San Carlos-based Rescue Air Systems manufactures a patented “firefighter air replenishment system,” or FARS, which San Francisco’s Fire Code has required since 2004 for new buildings with a height of 75 feet or more. When city policymakers undertook their periodic revision to the local Fire Code beginning last year, Hayes-White was among numerous city officials to oppose extending the FARS requirement because the San Francisco Fire Department had never used or trained on the system, and because firefighters “do not have confidence that the air coming from the FARS pipes is safe and breathable, or that the system has been checked and maintained on regular basis,” according to the fire chief’s declaration.
Yaki engaged in extensive lobbying efforts over a period of more than a year on Rescue Air Systems’ behalf to retain the FARS requirement, Herrera said. According to the city’s complaint and supporting declarations, the former supervisor lobbied fire commissioners, S.F. Fire Department officials, staff in the Mayor’s Office, and members of the Board of Supervisors and legislative aides to extend the legal requirement for an air replenishment system that only one company, Yaki’s client, manufactured.

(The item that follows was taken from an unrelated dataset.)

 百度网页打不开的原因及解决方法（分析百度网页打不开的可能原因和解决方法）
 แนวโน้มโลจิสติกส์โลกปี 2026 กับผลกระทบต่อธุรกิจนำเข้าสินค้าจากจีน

The City Attorney’s Office’s investigation secured evidence of at least 70 lobbying contacts, including more than 10 lobbying meetings with supervisors and their legislative aides and more than 50 emails to city officials on behalf of Rescue Air Systems’ interests in the Fire Code revision process.
Yaki’s lobbying efforts ultimately proved largely unsuccessful. San Francisco’s Fire Commission passed a motion recommending that the FARS requirement be altered to offer developers a choice of whether to install FARS or a firefighter service elevator to facilitate oxygen delivery. That recommendation was adopted as part of the San Francisco Fire Code amendments unanimously approved by the Board of Supervisors in September, which Mayor Ed Lee approved on Oct. 3.
Yaki told The San Francisco Chronicle that his actions were permitted under the ordinance: “There is an exception within the ordinance allowing attorney representation, and as an attorney I worked within the parameters of the ordinance. My client retained several lobbying firms to handle lobbying on the ordinance when it came to the Board of Supervisors.”
The former supervisor runs Michael Yaki Consulting, which has offices in San Francisco, New York and Washington, D.C., and is a member of the U.S. Commission on Civil Rights. He served as district director and senior advisor to Rep. Nancy Pelosi (D-San Francisco).